- **YOUR ASSIGNMENT**:
An exact transcript of all the records is the expected answer.

EXERCISE DATA START

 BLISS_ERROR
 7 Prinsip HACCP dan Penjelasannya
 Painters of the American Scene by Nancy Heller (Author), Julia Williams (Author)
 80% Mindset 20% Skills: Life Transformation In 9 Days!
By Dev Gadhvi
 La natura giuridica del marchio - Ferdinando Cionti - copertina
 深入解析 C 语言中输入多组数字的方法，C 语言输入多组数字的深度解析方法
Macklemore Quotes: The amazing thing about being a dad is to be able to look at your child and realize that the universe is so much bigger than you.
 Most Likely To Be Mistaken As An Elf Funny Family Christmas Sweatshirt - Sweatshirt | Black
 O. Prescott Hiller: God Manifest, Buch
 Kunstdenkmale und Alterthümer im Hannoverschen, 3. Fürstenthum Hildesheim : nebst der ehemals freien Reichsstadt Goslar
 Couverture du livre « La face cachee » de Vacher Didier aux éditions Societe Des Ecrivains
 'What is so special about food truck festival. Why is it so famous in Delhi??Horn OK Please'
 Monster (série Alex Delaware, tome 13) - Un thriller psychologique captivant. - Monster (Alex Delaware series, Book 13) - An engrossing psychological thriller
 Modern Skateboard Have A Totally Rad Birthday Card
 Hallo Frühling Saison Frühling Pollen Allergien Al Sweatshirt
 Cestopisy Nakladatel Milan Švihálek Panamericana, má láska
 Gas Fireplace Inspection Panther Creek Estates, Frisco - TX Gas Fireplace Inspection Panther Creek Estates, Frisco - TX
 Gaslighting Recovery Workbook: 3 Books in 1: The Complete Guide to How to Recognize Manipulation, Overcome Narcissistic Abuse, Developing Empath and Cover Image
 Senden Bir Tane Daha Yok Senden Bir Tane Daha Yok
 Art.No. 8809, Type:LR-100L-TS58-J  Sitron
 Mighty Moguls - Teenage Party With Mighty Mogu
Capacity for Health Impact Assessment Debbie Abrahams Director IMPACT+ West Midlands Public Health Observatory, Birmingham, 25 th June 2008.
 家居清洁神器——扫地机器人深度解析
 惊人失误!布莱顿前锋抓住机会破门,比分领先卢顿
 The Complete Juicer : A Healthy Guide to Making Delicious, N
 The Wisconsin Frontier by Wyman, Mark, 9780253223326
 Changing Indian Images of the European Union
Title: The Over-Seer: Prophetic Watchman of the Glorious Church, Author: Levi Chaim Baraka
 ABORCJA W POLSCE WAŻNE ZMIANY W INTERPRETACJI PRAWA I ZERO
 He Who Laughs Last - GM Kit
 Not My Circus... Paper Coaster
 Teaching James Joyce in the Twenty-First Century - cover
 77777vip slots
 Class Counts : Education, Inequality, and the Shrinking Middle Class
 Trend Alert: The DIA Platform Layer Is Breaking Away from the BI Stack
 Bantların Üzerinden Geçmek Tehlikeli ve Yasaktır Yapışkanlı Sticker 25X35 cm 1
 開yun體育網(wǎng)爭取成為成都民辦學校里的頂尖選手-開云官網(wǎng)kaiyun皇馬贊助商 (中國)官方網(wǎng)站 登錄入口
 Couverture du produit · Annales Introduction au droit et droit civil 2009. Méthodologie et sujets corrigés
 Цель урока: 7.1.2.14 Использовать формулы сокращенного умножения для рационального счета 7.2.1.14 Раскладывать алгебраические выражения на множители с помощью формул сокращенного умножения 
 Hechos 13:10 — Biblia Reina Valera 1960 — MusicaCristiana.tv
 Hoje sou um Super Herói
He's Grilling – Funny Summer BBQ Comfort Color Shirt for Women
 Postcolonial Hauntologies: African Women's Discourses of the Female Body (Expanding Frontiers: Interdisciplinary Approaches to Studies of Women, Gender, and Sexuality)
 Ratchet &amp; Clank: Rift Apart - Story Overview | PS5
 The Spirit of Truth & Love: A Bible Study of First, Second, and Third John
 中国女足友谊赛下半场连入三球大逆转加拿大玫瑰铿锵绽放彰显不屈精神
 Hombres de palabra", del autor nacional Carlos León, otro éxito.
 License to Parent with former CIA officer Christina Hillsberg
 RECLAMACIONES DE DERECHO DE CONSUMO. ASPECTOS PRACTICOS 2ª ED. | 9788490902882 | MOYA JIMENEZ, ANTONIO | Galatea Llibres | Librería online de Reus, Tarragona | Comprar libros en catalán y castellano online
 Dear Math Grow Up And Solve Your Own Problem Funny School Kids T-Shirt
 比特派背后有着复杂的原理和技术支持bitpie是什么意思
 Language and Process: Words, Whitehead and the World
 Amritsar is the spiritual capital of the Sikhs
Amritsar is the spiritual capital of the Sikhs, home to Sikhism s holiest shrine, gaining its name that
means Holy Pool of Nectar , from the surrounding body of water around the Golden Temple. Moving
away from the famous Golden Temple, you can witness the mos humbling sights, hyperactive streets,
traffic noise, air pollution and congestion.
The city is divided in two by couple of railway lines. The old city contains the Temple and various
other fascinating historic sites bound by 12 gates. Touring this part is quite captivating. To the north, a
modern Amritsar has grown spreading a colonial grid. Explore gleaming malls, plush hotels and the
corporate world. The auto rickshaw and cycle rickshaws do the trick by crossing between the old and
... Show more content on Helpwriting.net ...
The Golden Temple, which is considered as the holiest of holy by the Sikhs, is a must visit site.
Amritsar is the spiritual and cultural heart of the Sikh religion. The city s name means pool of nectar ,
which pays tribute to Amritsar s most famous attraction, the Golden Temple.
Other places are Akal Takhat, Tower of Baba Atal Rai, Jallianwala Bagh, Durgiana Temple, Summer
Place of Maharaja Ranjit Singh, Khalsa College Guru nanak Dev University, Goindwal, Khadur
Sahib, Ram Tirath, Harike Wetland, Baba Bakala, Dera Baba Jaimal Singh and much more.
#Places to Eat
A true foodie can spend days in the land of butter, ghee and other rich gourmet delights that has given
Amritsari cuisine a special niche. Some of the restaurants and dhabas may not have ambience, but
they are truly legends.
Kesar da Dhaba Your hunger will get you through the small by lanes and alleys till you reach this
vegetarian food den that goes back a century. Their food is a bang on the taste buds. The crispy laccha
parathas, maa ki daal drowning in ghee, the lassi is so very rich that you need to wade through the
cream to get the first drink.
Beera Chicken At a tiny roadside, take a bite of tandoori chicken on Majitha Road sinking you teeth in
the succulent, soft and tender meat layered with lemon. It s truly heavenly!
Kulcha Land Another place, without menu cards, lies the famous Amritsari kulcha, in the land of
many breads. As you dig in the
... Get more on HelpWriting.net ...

EXERCISE DATA END

- **SOLUTION TO THE PROBLEM**:
 BLISS_ERROR
 7 Prinsip HACCP dan Penjelasannya
 Painters of the American Scene by Nancy Heller (Author), Julia Williams (Author)
 80% Mindset 20% Skills: Life Transformation In 9 Days!
By Dev Gadhvi
 La natura giuridica del marchio - Ferdinando Cionti - copertina
 深入解析 C 语言中输入多组数字的方法，C 语言输入多组数字的深度解析方法
Macklemore Quotes: The amazing thing about being a dad is to be able to look at your child and realize that the universe is so much bigger than you.
 Most Likely To Be Mistaken As An Elf Funny Family Christmas Sweatshirt - Sweatshirt | Black
 O. Prescott Hiller: God Manifest, Buch
 Kunstdenkmale und Alterthümer im Hannoverschen, 3. Fürstenthum Hildesheim : nebst der ehemals freien Reichsstadt Goslar
 Couverture du livre « La face cachee » de Vacher Didier aux éditions Societe Des Ecrivains
 'What is so special about food truck festival. Why is it so famous in Delhi??Horn OK Please'
 Monster (série Alex Delaware, tome 13) - Un thriller psychologique captivant. - Monster (Alex Delaware series, Book 13) - An engrossing psychological thriller
 Modern Skateboard Have A Totally Rad Birthday Card
 Hallo Frühling Saison Frühling Pollen Allergien Al Sweatshirt
 Cestopisy Nakladatel Milan Švihálek Panamericana, má láska
 Gas Fireplace Inspection Panther Creek Estates, Frisco - TX Gas Fireplace Inspection Panther Creek Estates, Frisco - TX
 Gaslighting Recovery Workbook: 3 Books in 1: The Complete Guide to How to Recognize Manipulation, Overcome Narcissistic Abuse, Developing Empath and Cover Image
 Senden Bir Tane Daha Yok Senden Bir Tane Daha Yok
 Art.No. 8809, Type:LR-100L-TS58-J  Sitron
 Mighty Moguls - Teenage Party With Mighty Mogu
Capacity for Health Impact Assessment Debbie Abrahams Director IMPACT+ West Midlands Public Health Observatory, Birmingham, 25 th June 2008.
 家居清洁神器——扫地机器人深度解析
 惊人失误!布莱顿前锋抓住机会破门,比分领先卢顿
 The Complete Juicer : A Healthy Guide to Making Delicious, N
 The Wisconsin Frontier by Wyman, Mark, 9780253223326
 Changing Indian Images of the European Union
Title: The Over-Seer: Prophetic Watchman of the Glorious Church, Author: Levi Chaim Baraka
 ABORCJA W POLSCE WAŻNE ZMIANY W INTERPRETACJI PRAWA I ZERO
 He Who Laughs Last - GM Kit
 Not My Circus... Paper Coaster
 Teaching James Joyce in the Twenty-First Century - cover
 77777vip slots
 Class Counts : Education, Inequality, and the Shrinking Middle Class
 Trend Alert: The DIA Platform Layer Is Breaking Away from the BI Stack
 Bantların Üzerinden Geçmek Tehlikeli ve Yasaktır Yapışkanlı Sticker 25X35 cm 1
 開yun體育網(wǎng)爭取成為成都民辦學校里的頂尖選手-開云官網(wǎng)kaiyun皇馬贊助商 (中國)官方網(wǎng)站 登錄入口
 Couverture du produit · Annales Introduction au droit et droit civil 2009. Méthodologie et sujets corrigés
 Цель урока: 7.1.2.14 Использовать формулы сокращенного умножения для рационального счета 7.2.1.14 Раскладывать алгебраические выражения на множители с помощью формул сокращенного умножения 
 Hechos 13:10 — Biblia Reina Valera 1960 — MusicaCristiana.tv
 Hoje sou um Super Herói
He's Grilling – Funny Summer BBQ Comfort Color Shirt for Women
 Postcolonial Hauntologies: African Women's Discourses of the Female Body (Expanding Frontiers: Interdisciplinary Approaches to Studies of Women, Gender, and Sexuality)
 Ratchet &amp; Clank: Rift Apart - Story Overview | PS5
 The Spirit of Truth & Love: A Bible Study of First, Second, and Third John
 中国女足友谊赛下半场连入三球大逆转加拿大玫瑰铿锵绽放彰显不屈精神
 Hombres de palabra", del autor nacional Carlos León, otro éxito.
 License to Parent with former CIA officer Christina Hillsberg
 RECLAMACIONES DE DERECHO DE CONSUMO. ASPECTOS PRACTICOS 2ª ED. | 9788490902882 | MOYA JIMENEZ, ANTONIO | Galatea Llibres | Librería online de Reus, Tarragona | Comprar libros en catalán y castellano online
 Dear Math Grow Up And Solve Your Own Problem Funny School Kids T-Shirt
 比特派背后有着复杂的原理和技术支持bitpie是什么意思
 Language and Process: Words, Whitehead and the World
 Amritsar is the spiritual capital of the Sikhs
Amritsar is the spiritual capital of the Sikhs, home to Sikhism s holiest shrine, gaining its name that
means Holy Pool of Nectar , from the surrounding body of water around the Golden Temple. Moving
away from the famous Golden Temple, you can witness the mos humbling sights, hyperactive streets,
traffic noise, air pollution and congestion.
The city is divided in two by couple of railway lines. The old city contains the Temple and various
other fascinating historic sites bound by 12 gates. Touring this part is quite captivating. To the north, a
modern Amritsar has grown spreading a colonial grid. Explore gleaming malls, plush hotels and the
corporate world. The auto rickshaw and cycle rickshaws do the trick by crossing between the old and
... Show more content on Helpwriting.net ...
The Golden Temple, which is considered as the holiest of holy by the Sikhs, is a must visit site.
Amritsar is the spiritual and cultural heart of the Sikh religion. The city s name means pool of nectar ,
which pays tribute to Amritsar s most famous attraction, the Golden Temple.
Other places are Akal Takhat, Tower of Baba Atal Rai, Jallianwala Bagh, Durgiana Temple, Summer
Place of Maharaja Ranjit Singh, Khalsa College Guru nanak Dev University, Goindwal, Khadur
Sahib, Ram Tirath, Harike Wetland, Baba Bakala, Dera Baba Jaimal Singh and much more.
#Places to Eat
A true foodie can spend days in the land of butter, ghee and other rich gourmet delights that has given
Amritsari cuisine a special niche. Some of the restaurants and dhabas may not have ambience, but
they are truly legends.
Kesar da Dhaba Your hunger will get you through the small by lanes and alleys till you reach this
vegetarian food den that goes back a century. Their food is a bang on the taste buds. The crispy laccha
parathas, maa ki daal drowning in ghee, the lassi is so very rich that you need to wade through the
cream to get the first drink.
Beera Chicken At a tiny roadside, take a bite of tandoori chicken on Majitha Road sinking you teeth in
the succulent, soft and tender meat layered with lemon. It s truly heavenly!
Kulcha Land Another place, without menu cards, lies the famous Amritsari kulcha, in the land of
many breads. As you dig in the
... Get more on HelpWriting.net ...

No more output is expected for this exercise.